The opening shots will be from a siege net thrower, if available; after that the tanks will charge first, so the dragon is more likely to target them, shortly after which the others will do a coordinated attack while the tanks run around. If the dragon is able to be immobilised/dragged into the ballista's range, it will be used; if it can't be used or doesn't kill the dragon, once the heavy crossbows have weakened it enough and the dragon's primary attacks are not a threat, everyone can jump in with whatever stabby implement they have.
If a dragon cannot be weakened or immobilised enough, the hunters will need to abort. Their survivability will be low against a dragon they've managed to piss off, but it will be better than staying in the fight without the resources to finish it. They will attempt to scatter so at least some will survive - those hidden (such as the heavy crossbows) will just stay hidden, the rest will just run and hope for the best, accepting that the dragon will catch and kill two or three.
In some situations the hunters may be able to use more elaborate traps, such as oversized bear traps, large nooses, falling rocks/rubble, and pit traps. These require yet more specialised skills to create effectively and won't be able to be used in every fight (heavily location-dependent), so not all teams of hunters may have them.

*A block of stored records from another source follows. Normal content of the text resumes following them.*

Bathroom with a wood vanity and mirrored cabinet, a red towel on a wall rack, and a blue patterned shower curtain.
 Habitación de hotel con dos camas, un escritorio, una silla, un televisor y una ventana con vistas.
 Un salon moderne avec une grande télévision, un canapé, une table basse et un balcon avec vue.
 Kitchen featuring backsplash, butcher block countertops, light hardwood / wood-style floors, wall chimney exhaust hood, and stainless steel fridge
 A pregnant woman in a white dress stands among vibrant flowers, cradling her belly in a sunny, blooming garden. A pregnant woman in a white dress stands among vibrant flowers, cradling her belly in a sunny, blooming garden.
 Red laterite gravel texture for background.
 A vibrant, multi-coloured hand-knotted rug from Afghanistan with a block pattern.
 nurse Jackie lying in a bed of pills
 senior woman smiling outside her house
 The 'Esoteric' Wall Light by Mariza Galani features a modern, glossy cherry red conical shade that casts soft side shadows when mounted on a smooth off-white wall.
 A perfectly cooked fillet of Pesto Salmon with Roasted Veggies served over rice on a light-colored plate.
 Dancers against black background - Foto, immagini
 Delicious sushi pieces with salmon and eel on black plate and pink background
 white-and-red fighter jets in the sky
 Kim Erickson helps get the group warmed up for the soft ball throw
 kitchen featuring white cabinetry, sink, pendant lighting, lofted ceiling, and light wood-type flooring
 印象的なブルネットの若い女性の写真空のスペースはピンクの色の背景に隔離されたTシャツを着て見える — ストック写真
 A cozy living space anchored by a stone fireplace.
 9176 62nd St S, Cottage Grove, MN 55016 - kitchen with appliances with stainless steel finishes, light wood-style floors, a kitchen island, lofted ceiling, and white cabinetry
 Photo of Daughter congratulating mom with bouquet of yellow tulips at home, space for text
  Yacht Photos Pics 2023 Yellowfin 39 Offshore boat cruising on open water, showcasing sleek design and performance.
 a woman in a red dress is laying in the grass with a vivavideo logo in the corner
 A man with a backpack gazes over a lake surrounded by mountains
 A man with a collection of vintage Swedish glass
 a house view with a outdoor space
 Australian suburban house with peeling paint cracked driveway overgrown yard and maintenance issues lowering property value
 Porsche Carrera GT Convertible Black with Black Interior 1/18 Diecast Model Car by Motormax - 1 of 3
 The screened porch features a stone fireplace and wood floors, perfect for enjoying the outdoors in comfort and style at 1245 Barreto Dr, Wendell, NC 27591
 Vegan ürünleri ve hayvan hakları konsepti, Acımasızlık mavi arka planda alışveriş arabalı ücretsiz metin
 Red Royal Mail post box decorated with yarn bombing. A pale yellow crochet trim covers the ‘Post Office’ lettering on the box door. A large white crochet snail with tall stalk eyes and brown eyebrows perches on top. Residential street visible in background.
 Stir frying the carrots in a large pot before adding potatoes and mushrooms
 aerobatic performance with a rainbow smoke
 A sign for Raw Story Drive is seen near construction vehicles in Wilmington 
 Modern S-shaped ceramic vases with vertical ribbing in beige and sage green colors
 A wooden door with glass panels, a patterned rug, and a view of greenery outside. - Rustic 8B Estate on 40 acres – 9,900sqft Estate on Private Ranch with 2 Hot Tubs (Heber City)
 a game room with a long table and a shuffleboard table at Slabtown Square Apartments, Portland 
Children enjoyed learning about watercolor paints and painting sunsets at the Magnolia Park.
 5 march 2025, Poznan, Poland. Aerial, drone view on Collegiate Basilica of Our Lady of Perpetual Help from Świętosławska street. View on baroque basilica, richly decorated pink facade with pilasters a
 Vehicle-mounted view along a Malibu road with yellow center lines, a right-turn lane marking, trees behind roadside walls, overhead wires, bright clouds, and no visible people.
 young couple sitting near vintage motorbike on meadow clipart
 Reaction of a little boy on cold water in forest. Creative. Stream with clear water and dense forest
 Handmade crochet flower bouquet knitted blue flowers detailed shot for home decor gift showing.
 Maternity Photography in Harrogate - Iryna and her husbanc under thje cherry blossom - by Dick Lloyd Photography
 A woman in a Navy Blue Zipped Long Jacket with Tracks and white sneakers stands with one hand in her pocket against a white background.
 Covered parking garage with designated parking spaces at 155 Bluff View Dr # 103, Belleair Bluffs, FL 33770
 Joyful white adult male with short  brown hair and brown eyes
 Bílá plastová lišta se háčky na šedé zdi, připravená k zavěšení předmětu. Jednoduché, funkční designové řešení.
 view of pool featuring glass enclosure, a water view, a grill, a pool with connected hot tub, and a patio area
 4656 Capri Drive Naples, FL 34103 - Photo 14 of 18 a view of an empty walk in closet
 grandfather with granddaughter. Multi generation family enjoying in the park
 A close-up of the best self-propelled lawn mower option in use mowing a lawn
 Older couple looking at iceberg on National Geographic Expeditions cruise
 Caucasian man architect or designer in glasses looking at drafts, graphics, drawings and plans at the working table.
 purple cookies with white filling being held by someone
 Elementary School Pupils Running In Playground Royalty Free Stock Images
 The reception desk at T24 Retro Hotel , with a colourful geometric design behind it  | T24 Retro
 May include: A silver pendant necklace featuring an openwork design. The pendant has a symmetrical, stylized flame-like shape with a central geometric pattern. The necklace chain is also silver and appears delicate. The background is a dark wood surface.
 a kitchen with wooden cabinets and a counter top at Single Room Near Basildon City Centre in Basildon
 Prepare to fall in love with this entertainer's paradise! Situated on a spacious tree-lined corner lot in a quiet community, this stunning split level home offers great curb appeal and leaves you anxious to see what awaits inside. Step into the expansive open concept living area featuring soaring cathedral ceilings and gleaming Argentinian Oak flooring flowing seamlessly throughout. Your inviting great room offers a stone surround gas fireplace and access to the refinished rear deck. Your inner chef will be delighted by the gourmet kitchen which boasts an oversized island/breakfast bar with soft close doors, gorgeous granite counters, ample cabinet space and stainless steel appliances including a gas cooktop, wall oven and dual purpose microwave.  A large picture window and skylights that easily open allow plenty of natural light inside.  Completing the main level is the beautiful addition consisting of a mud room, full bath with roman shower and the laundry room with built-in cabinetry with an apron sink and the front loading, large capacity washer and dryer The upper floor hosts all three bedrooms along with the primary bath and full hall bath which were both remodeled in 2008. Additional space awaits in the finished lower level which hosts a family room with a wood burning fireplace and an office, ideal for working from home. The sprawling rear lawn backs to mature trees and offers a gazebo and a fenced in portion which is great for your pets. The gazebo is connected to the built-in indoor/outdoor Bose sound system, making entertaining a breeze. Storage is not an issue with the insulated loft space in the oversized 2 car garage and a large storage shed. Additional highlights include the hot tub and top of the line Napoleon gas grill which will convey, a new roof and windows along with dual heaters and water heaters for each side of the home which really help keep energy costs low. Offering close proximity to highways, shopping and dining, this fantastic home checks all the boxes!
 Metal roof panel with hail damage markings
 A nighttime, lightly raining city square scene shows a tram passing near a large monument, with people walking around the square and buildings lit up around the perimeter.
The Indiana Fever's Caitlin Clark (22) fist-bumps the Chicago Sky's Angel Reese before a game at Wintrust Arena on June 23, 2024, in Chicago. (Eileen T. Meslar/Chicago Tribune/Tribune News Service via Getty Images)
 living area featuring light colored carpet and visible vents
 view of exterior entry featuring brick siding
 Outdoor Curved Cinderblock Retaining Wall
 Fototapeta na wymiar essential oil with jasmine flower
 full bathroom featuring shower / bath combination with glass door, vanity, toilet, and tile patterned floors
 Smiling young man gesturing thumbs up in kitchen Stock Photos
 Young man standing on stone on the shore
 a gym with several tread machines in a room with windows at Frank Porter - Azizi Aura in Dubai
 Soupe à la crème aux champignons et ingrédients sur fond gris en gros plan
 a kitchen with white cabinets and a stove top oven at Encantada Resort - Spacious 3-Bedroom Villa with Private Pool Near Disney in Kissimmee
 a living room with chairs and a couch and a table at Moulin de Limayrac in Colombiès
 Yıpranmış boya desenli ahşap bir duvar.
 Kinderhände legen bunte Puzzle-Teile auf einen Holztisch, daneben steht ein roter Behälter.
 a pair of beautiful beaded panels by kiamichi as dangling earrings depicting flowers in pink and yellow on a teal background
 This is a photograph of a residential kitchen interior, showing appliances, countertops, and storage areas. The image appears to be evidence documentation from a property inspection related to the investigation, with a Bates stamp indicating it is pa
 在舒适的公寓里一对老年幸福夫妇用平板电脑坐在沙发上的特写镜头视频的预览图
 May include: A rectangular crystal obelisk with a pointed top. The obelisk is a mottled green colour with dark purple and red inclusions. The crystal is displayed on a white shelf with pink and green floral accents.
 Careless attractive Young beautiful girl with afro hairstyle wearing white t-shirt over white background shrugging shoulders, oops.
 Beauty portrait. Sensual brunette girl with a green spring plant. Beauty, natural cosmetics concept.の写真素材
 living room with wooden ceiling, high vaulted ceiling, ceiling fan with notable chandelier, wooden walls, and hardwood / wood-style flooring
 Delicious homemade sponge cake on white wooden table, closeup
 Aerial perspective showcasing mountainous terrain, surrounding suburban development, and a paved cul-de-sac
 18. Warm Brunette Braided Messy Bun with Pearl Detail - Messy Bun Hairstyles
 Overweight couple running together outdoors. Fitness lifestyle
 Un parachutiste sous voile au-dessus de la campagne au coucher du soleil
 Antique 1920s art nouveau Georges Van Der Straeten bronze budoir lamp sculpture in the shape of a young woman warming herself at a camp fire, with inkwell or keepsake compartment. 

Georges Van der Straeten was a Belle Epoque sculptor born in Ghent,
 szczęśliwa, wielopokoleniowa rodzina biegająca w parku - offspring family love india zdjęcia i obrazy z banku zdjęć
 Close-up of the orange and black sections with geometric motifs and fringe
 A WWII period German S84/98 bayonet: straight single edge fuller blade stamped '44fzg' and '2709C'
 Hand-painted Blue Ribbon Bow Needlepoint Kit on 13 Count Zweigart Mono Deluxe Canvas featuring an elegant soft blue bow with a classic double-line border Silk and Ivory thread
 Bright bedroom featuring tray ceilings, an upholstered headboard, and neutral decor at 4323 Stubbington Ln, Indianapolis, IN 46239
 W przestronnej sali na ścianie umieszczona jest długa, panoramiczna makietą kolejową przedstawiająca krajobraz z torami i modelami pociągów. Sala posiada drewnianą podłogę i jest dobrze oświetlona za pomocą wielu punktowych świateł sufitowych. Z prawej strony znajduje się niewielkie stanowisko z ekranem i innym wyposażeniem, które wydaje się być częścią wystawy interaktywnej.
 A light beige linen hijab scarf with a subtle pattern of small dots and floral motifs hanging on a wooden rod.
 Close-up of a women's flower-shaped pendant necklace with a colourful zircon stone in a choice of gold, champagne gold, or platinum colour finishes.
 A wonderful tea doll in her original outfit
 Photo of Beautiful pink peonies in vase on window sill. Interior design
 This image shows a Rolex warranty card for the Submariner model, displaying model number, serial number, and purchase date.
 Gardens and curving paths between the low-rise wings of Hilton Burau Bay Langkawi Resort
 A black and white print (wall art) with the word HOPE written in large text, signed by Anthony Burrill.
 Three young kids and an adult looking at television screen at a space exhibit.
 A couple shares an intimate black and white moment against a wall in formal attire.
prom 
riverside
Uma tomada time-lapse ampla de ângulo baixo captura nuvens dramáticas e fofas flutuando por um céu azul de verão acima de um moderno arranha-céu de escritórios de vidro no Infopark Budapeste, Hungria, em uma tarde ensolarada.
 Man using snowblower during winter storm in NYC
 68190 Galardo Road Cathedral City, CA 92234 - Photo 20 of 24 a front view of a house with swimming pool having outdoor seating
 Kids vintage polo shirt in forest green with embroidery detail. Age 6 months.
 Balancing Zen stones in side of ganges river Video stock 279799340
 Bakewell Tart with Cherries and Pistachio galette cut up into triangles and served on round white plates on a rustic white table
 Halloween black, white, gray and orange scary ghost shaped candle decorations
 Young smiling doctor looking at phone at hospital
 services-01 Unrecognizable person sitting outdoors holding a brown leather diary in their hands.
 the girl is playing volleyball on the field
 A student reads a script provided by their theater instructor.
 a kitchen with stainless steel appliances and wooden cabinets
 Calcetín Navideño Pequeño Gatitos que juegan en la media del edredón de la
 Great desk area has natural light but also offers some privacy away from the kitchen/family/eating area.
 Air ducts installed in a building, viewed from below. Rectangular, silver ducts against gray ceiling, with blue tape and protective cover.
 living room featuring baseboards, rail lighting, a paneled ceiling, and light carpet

A very effective technique is to snare the head of a dragon (either with nooses/lassoes or with falling rocks) as it looks into a hole only big enough for its head, but it is too dependent on a good location and a stupid dragon to be something the hunters can use often.
There will be a recovery and care plan for wounded hunters so they can get out of the fight and be patched up for the next one, considering how valuable their individual skills are. Hunters unable to fight anymore become trainers; particularly experienced ones may become commanders.
Considering that even on a successful hunt the dragon hunters will usually have casualties, many of them fatal, they would not embark on hunts unless they have enough members in reserve to cover losses. They'd likely be organised into teams, with a team consisting of twice the members needed for a full hunt, plus their own commander and trainers. They'd have relatively stable memberships since a close rapport is needed to effectively carry out a hunt, and they wouldn't interact much with other teams other than occasional sharing of members and rivalries. They would occasionally recruit their own members, but would rely heavily on the organisation to fill gaps left by death and disfigurement.